*Data extract*
= = =
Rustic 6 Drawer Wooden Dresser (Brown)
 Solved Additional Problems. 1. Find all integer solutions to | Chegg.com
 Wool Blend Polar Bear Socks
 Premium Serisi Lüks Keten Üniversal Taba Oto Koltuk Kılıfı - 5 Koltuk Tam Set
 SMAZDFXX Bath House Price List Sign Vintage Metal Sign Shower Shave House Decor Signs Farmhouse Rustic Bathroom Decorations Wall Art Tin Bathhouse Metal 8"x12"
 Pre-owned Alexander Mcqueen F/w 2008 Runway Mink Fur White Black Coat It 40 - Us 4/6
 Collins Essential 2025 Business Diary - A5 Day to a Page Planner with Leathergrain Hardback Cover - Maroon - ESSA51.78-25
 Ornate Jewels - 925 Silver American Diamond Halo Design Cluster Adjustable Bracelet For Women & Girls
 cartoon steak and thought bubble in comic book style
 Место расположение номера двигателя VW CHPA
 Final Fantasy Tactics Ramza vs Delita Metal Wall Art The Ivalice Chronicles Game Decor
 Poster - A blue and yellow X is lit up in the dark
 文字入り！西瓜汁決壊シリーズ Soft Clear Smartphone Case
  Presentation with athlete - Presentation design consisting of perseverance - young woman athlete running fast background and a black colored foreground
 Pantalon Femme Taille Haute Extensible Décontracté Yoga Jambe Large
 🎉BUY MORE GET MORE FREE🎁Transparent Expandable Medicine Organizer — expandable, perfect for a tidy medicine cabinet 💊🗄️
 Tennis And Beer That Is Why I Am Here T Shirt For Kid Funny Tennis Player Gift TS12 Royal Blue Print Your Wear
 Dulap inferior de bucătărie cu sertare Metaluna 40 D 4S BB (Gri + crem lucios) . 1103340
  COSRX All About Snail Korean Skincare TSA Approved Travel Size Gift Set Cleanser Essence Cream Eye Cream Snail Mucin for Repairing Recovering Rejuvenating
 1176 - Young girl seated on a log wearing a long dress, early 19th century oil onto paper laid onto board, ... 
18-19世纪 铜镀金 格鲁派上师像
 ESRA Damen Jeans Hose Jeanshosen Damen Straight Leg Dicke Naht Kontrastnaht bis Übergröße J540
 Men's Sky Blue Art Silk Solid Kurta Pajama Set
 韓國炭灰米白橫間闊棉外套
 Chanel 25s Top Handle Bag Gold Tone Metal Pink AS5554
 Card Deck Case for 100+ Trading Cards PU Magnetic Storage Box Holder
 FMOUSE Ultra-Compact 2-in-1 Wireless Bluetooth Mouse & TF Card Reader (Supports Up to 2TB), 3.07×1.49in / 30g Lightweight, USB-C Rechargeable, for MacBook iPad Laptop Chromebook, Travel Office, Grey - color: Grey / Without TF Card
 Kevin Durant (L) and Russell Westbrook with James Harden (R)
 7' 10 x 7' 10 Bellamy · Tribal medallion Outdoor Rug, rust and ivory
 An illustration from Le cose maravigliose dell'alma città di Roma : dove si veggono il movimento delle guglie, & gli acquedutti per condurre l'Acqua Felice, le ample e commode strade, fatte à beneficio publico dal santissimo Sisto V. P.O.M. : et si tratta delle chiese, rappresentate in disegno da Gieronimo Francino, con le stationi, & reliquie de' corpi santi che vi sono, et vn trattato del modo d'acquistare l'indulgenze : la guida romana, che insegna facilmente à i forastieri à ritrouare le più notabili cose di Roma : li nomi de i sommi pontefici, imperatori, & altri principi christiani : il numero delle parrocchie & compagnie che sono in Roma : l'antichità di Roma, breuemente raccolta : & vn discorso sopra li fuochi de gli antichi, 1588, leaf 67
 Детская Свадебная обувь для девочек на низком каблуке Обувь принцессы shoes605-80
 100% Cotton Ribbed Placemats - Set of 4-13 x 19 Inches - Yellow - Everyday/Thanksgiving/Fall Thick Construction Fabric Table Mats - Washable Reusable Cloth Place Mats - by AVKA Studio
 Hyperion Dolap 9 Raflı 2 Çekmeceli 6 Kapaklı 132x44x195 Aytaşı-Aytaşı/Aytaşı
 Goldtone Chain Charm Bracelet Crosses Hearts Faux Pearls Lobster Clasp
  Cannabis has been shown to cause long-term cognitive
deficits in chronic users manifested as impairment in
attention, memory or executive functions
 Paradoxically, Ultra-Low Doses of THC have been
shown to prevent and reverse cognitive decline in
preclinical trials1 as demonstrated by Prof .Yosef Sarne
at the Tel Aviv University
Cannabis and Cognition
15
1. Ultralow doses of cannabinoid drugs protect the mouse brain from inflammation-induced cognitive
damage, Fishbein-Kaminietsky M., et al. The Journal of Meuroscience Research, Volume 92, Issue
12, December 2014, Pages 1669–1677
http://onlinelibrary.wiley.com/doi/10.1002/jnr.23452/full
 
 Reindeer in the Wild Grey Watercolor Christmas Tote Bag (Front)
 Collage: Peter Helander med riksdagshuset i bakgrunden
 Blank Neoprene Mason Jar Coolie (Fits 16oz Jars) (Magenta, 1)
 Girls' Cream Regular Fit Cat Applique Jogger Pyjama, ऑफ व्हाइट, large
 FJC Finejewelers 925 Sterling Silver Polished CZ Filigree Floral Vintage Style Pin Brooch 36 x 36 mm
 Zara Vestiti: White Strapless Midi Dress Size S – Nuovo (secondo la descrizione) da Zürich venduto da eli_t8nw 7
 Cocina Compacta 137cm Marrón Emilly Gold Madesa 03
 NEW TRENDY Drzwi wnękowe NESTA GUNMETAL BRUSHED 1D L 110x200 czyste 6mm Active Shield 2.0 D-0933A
= = =
Exactly as it stands, output the whole listing.

Rustic 6 Drawer Wooden Dresser (Brown)
 Solved Additional Problems. 1. Find all integer solutions to | Chegg.com
 Wool Blend Polar Bear Socks
 Premium Serisi Lüks Keten Üniversal Taba Oto Koltuk Kılıfı - 5 Koltuk Tam Set
 SMAZDFXX Bath House Price List Sign Vintage Metal Sign Shower Shave House Decor Signs Farmhouse Rustic Bathroom Decorations Wall Art Tin Bathhouse Metal 8"x12"
 Pre-owned Alexander Mcqueen F/w 2008 Runway Mink Fur White Black Coat It 40 - Us 4/6
 Collins Essential 2025 Business Diary - A5 Day to a Page Planner with Leathergrain Hardback Cover - Maroon - ESSA51.78-25
 Ornate Jewels - 925 Silver American Diamond Halo Design Cluster Adjustable Bracelet For Women & Girls
 cartoon steak and thought bubble in comic book style
 Место расположение номера двигателя VW CHPA
 Final Fantasy Tactics Ramza vs Delita Metal Wall Art The Ivalice Chronicles Game Decor
 Poster - A blue and yellow X is lit up in the dark
 文字入り！西瓜汁決壊シリーズ Soft Clear Smartphone Case
  Presentation with athlete - Presentation design consisting of perseverance - young woman athlete running fast background and a black colored foreground
 Pantalon Femme Taille Haute Extensible Décontracté Yoga Jambe Large
 🎉BUY MORE GET MORE FREE🎁Transparent Expandable Medicine Organizer — expandable, perfect for a tidy medicine cabinet 💊🗄️
 Tennis And Beer That Is Why I Am Here T Shirt For Kid Funny Tennis Player Gift TS12 Royal Blue Print Your Wear
 Dulap inferior de bucătărie cu sertare Metaluna 40 D 4S BB (Gri + crem lucios) . 1103340
  COSRX All About Snail Korean Skincare TSA Approved Travel Size Gift Set Cleanser Essence Cream Eye Cream Snail Mucin for Repairing Recovering Rejuvenating
 1176 - Young girl seated on a log wearing a long dress, early 19th century oil onto paper laid onto board, ... 
18-19世纪 铜镀金 格鲁派上师像
 ESRA Damen Jeans Hose Jeanshosen Damen Straight Leg Dicke Naht Kontrastnaht bis Übergröße J540
 Men's Sky Blue Art Silk Solid Kurta Pajama Set
 韓國炭灰米白橫間闊棉外套
 Chanel 25s Top Handle Bag Gold Tone Metal Pink AS5554
 Card Deck Case for 100+ Trading Cards PU Magnetic Storage Box Holder
 FMOUSE Ultra-Compact 2-in-1 Wireless Bluetooth Mouse & TF Card Reader (Supports Up to 2TB), 3.07×1.49in / 30g Lightweight, USB-C Rechargeable, for MacBook iPad Laptop Chromebook, Travel Office, Grey - color: Grey / Without TF Card
 Kevin Durant (L) and Russell Westbrook with James Harden (R)
 7' 10 x 7' 10 Bellamy · Tribal medallion Outdoor Rug, rust and ivory
 An illustration from Le cose maravigliose dell'alma città di Roma : dove si veggono il movimento delle guglie, & gli acquedutti per condurre l'Acqua Felice, le ample e commode strade, fatte à beneficio publico dal santissimo Sisto V. P.O.M. : et si tratta delle chiese, rappresentate in disegno da Gieronimo Francino, con le stationi, & reliquie de' corpi santi che vi sono, et vn trattato del modo d'acquistare l'indulgenze : la guida romana, che insegna facilmente à i forastieri à ritrouare le più notabili cose di Roma : li nomi de i sommi pontefici, imperatori, & altri principi christiani : il numero delle parrocchie & compagnie che sono in Roma : l'antichità di Roma, breuemente raccolta : & vn discorso sopra li fuochi de gli antichi, 1588, leaf 67
 Детская Свадебная обувь для девочек на низком каблуке Обувь принцессы shoes605-80
 100% Cotton Ribbed Placemats - Set of 4-13 x 19 Inches - Yellow - Everyday/Thanksgiving/Fall Thick Construction Fabric Table Mats - Washable Reusable Cloth Place Mats - by AVKA Studio
 Hyperion Dolap 9 Raflı 2 Çekmeceli 6 Kapaklı 132x44x195 Aytaşı-Aytaşı/Aytaşı
 Goldtone Chain Charm Bracelet Crosses Hearts Faux Pearls Lobster Clasp
  Cannabis has been shown to cause long-term cognitive
deficits in chronic users manifested as impairment in
attention, memory or executive functions
 Paradoxically, Ultra-Low Doses of THC have been
shown to prevent and reverse cognitive decline in
preclinical trials1 as demonstrated by Prof .Yosef Sarne
at the Tel Aviv University
Cannabis and Cognition
15
1. Ultralow doses of cannabinoid drugs protect the mouse brain from inflammation-induced cognitive
damage, Fishbein-Kaminietsky M., et al. The Journal of Meuroscience Research, Volume 92, Issue
12, December 2014, Pages 1669–1677
http://onlinelibrary.wiley.com/doi/10.1002/jnr.23452/full
 
 Reindeer in the Wild Grey Watercolor Christmas Tote Bag (Front)
 Collage: Peter Helander med riksdagshuset i bakgrunden
 Blank Neoprene Mason Jar Coolie (Fits 16oz Jars) (Magenta, 1)
 Girls' Cream Regular Fit Cat Applique Jogger Pyjama, ऑफ व्हाइट, large
 FJC Finejewelers 925 Sterling Silver Polished CZ Filigree Floral Vintage Style Pin Brooch 36 x 36 mm
 Zara Vestiti: White Strapless Midi Dress Size S – Nuovo (secondo la descrizione) da Zürich venduto da eli_t8nw 7
 Cocina Compacta 137cm Marrón Emilly Gold Madesa 03
 NEW TRENDY Drzwi wnękowe NESTA GUNMETAL BRUSHED 1D L 110x200 czyste 6mm Active Shield 2.0 D-0933A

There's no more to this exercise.